| Directions for this task |
All the lines below need retyping exactly, apart from the images.
** Material provided follows **
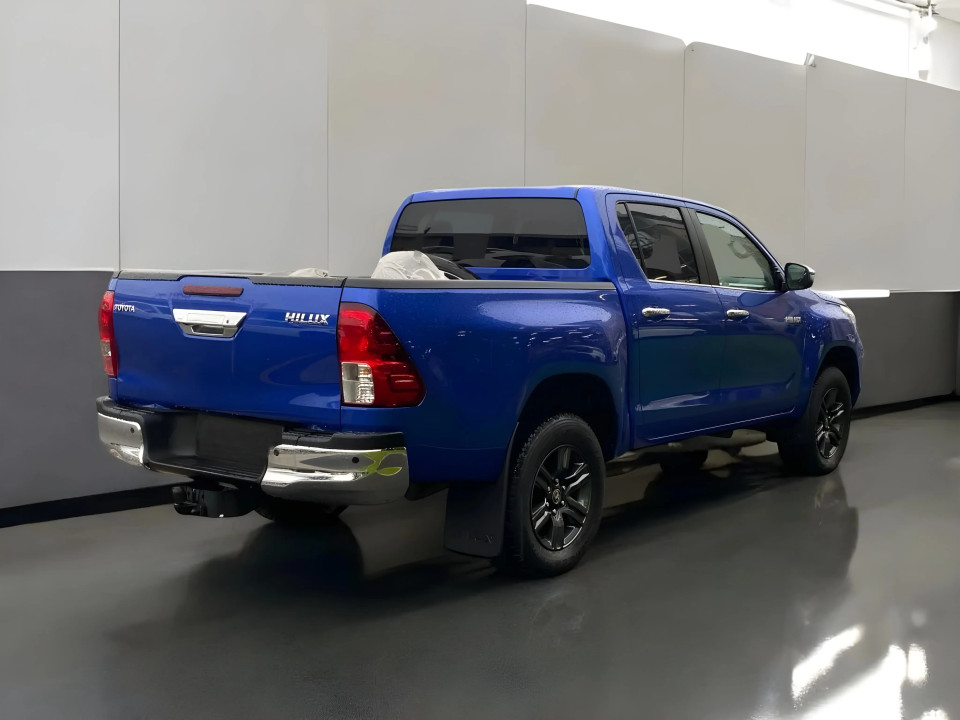 Toyota Hilux Double Cab 2.8D Comfort (3)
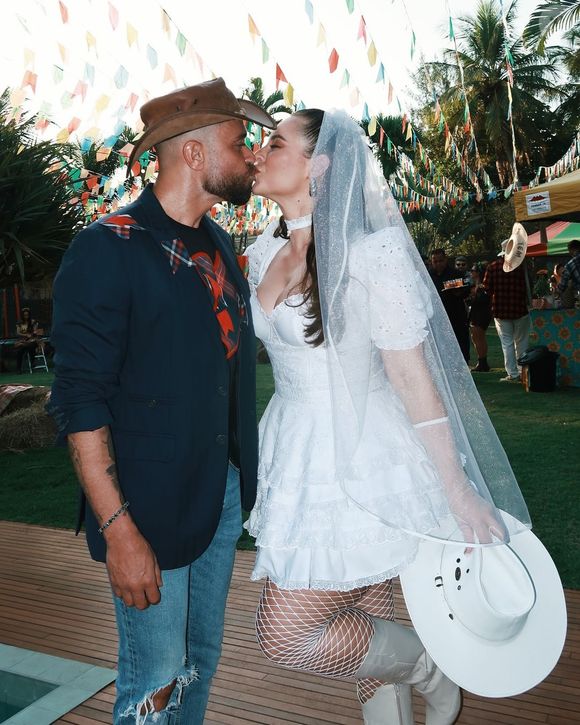 Look noiva de festa junina: Paolla Oliveira usou meia-calça arrastão ao se 'casar' com Diogo Nogueira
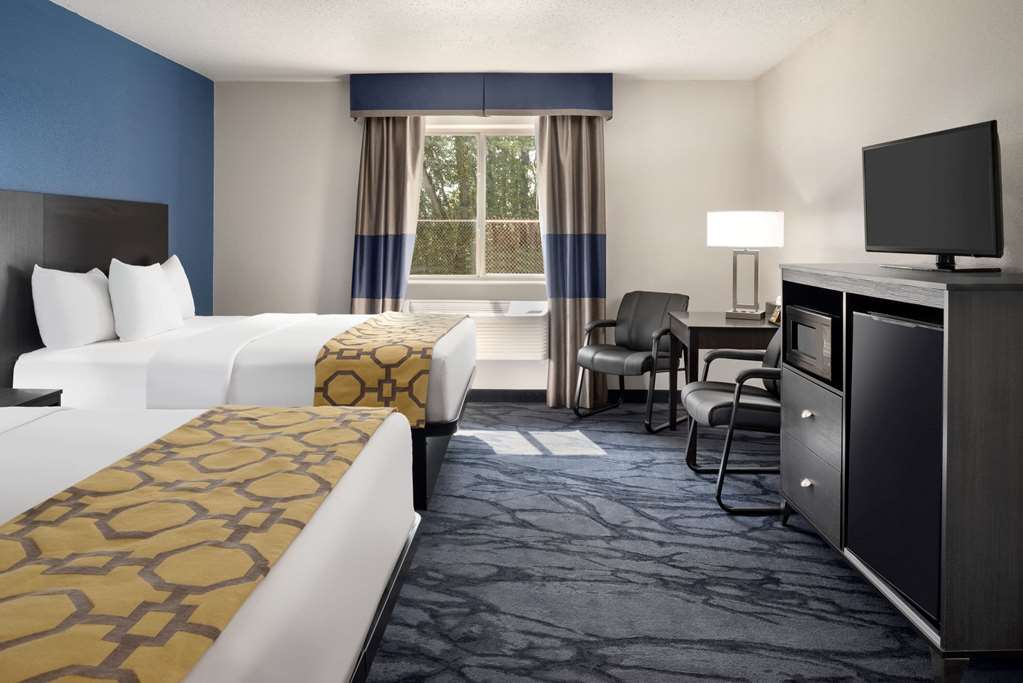 Baymont Inn & Suites by Wyndham Swanton Toledo Airport - photo 17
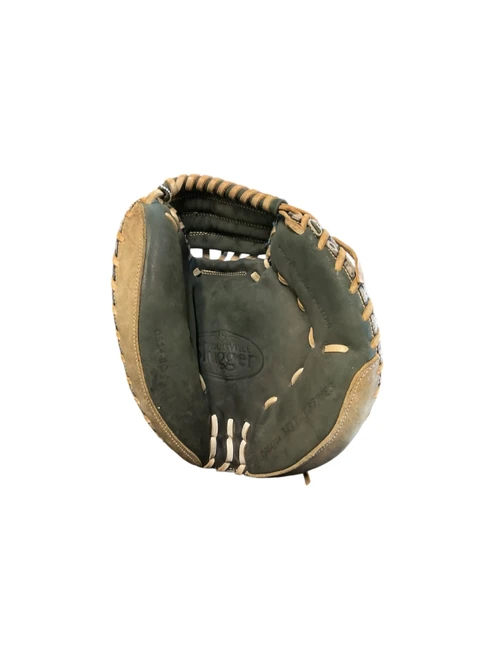 Vist Large View of Product Image Which is Used Louisville Slugger SELECT OMAHA BB/SB Catchers RH Throw Black 30"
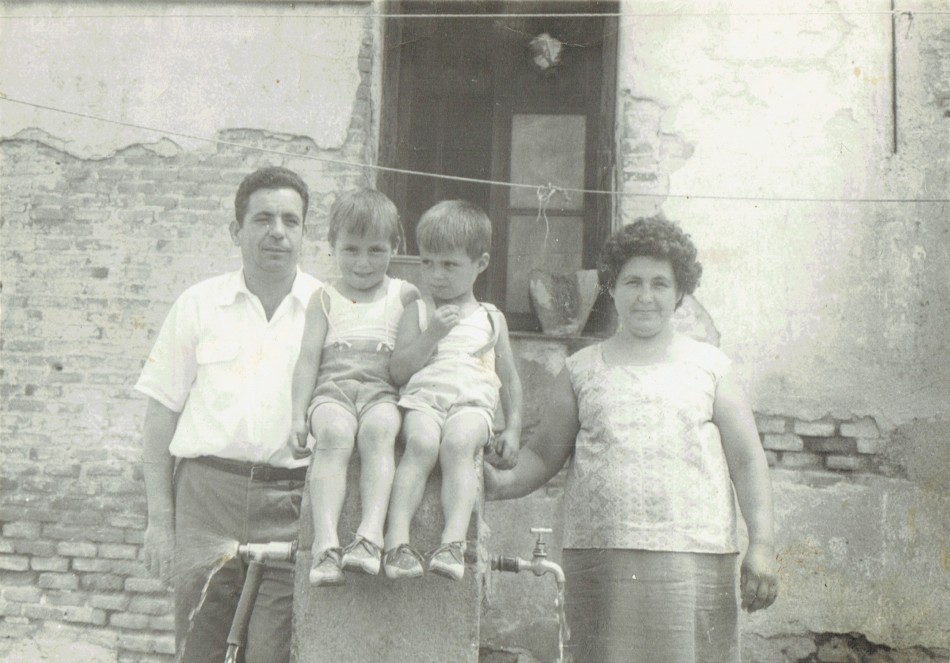 Familia Antn Lorente en la puerta de su domicilio en el Barrio de la Alegra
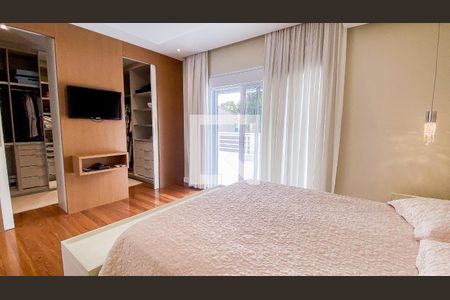 Casa à venda com 560m², 6 quartos e 25 vagasSuíte 1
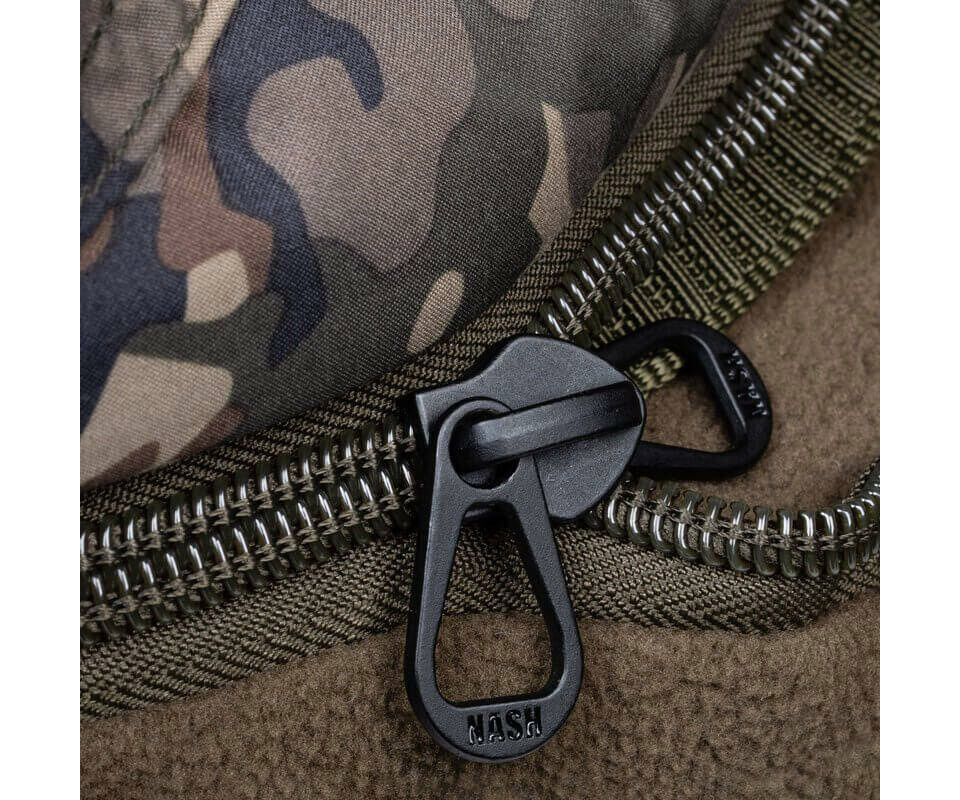 Nash-T9505-7 Close-up van een duurzame ritssluiting op vistuig, perfect voor accessoires voor karpervissers.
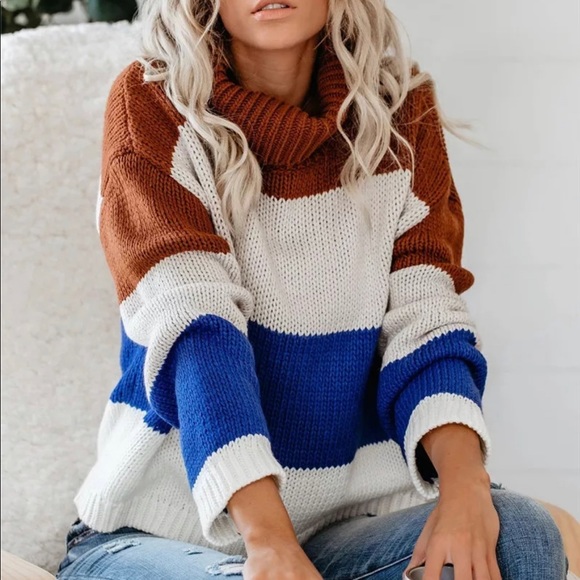 GRACEY’S // Color Block Oversized Pullover Sweater - Picture 2 of 7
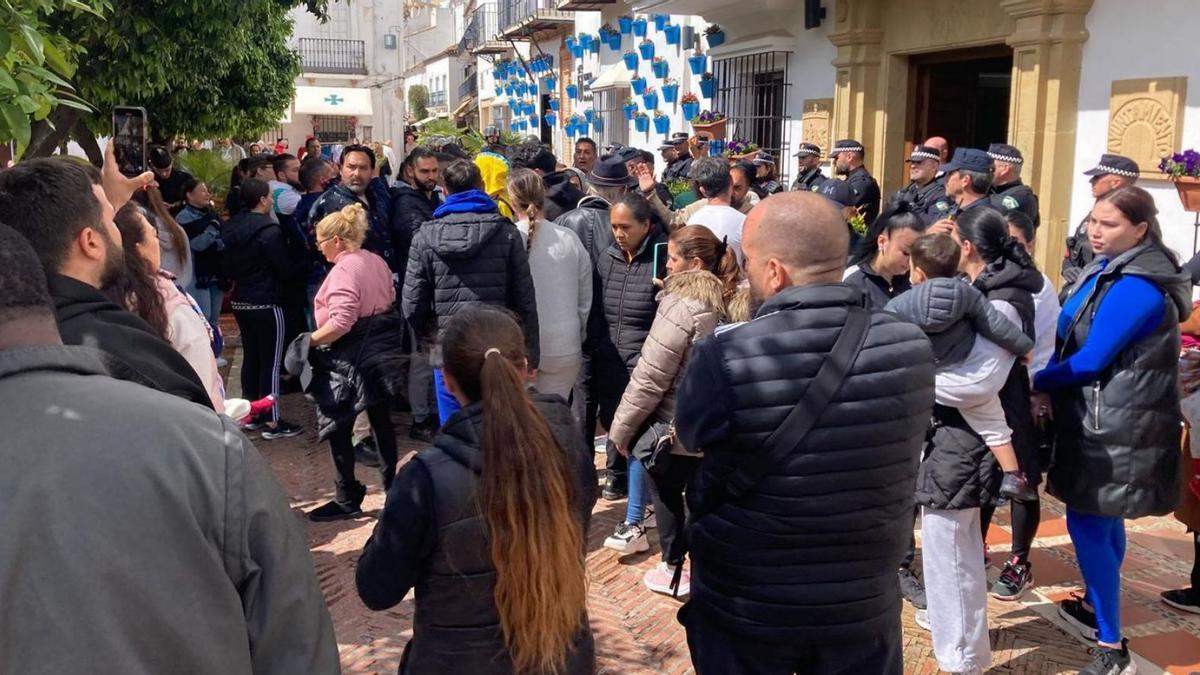Vecinos de Las Albarizas, ayer, durante su protesta ante la entrada principal del Ayuntamiento.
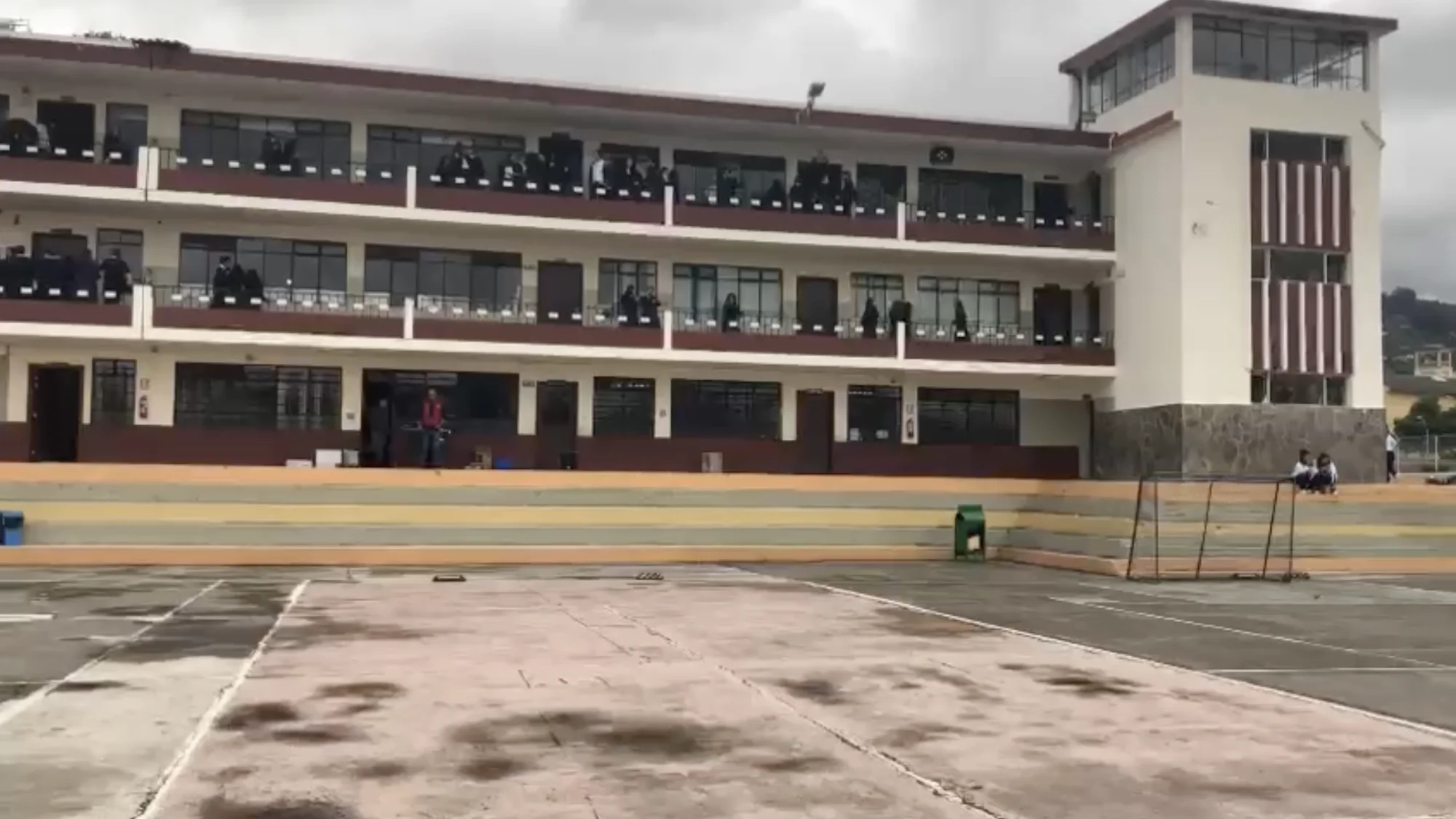 UNIDAD EDUCATIVA SANTO DOMINGO DE GUZMAN AMBATO SISTEMA DE SONIDO - Imagen 2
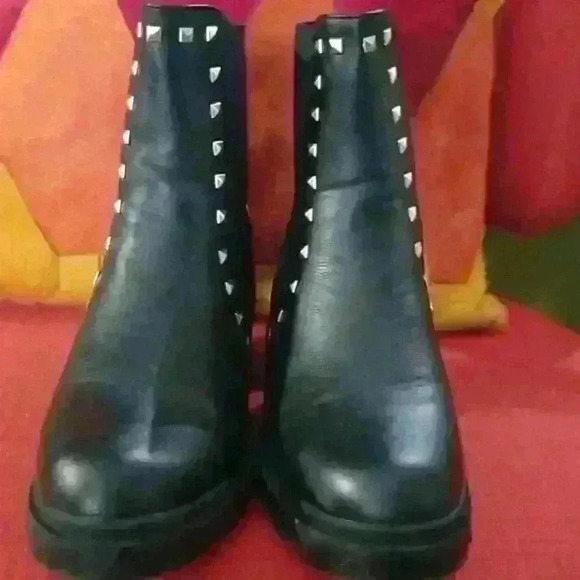 Black Ankle boots sz 10 - Picture 3 of 6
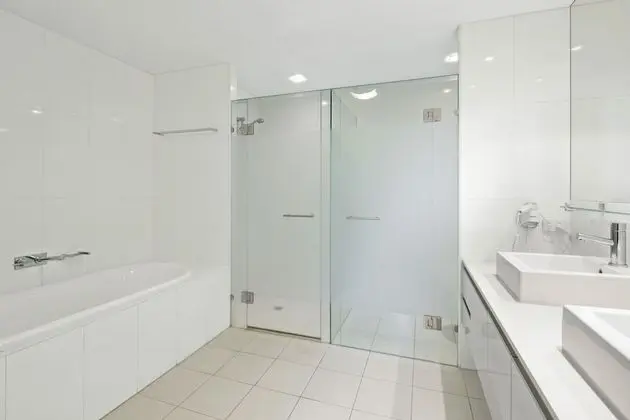 3 Bedroom 2 Bathroom Waterfront Apartment
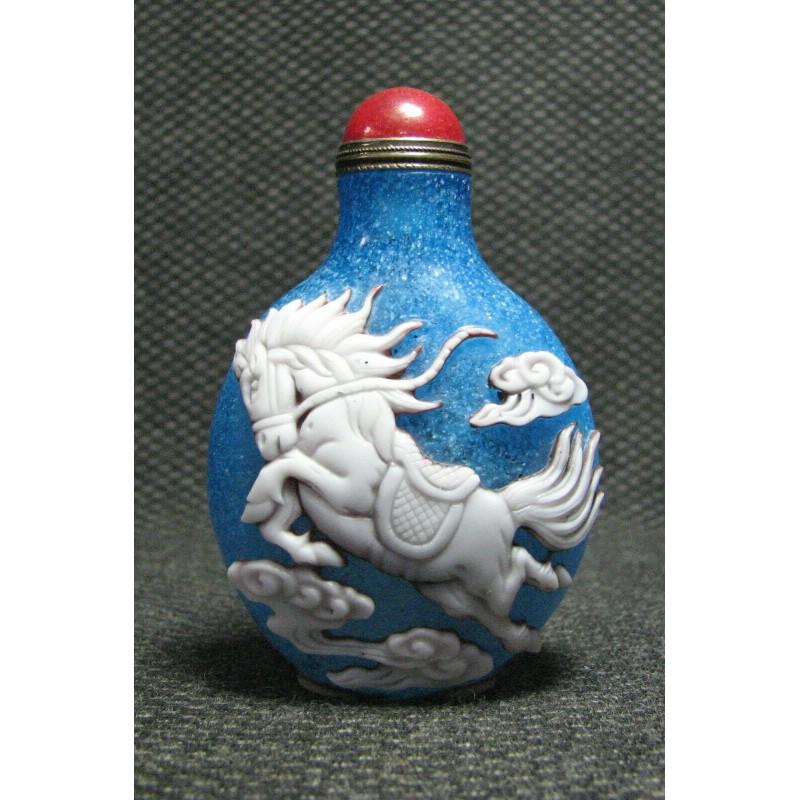 Carved Glass Snuff Bottle Snuffbox old tobaccy box: Snuff Bottle is in good condition, and was created by skilled craftsmen in traditional style with fine handcrafts. This is a great piece of valuable collection, a valuable personal alter or a very goo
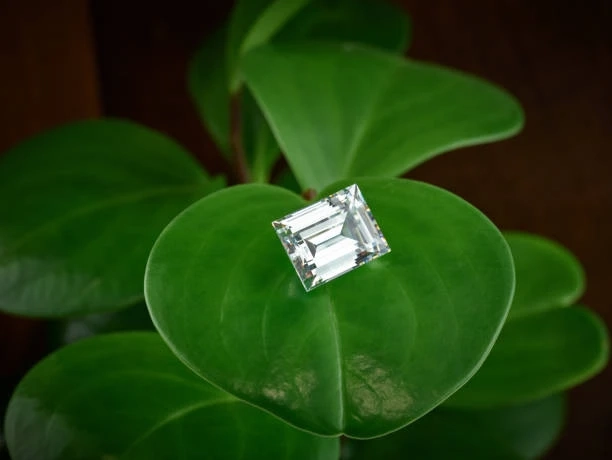 The Brilliance of Lab-Grown Diamonds: A Sustainable and Stunning Choice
** End of Material provided **
| Answer for the task |
 Toyota Hilux Double Cab 2.8D Comfort (3)
 Look noiva de festa junina: Paolla Oliveira usou meia-calça arrastão ao se 'casar' com Diogo Nogueira
 Baymont Inn & Suites by Wyndham Swanton Toledo Airport - photo 17
 Vist Large View of Product Image Which is Used Louisville Slugger SELECT OMAHA BB/SB Catchers RH Throw Black 30"
 Familia Antn Lorente en la puerta de su domicilio en el Barrio de la Alegra
 Casa à venda com 560m², 6 quartos e 25 vagasSuíte 1
 Nash-T9505-7 Close-up van een duurzame ritssluiting op vistuig, perfect voor accessoires voor karpervissers.
 GRACEY’S // Color Block Oversized Pullover Sweater - Picture 2 of 7
Vecinos de Las Albarizas, ayer, durante su protesta ante la entrada principal del Ayuntamiento.
 UNIDAD EDUCATIVA SANTO DOMINGO DE GUZMAN AMBATO SISTEMA DE SONIDO - Imagen 2
 Black Ankle boots sz 10 - Picture 3 of 6
 3 Bedroom 2 Bathroom Waterfront Apartment
 Carved Glass Snuff Bottle Snuffbox old tobaccy box: Snuff Bottle is in good condition, and was created by skilled craftsmen in traditional style with fine handcrafts. This is a great piece of valuable collection, a valuable personal alter or a very goo
 The Brilliance of Lab-Grown Diamonds: A Sustainable and Stunning Choice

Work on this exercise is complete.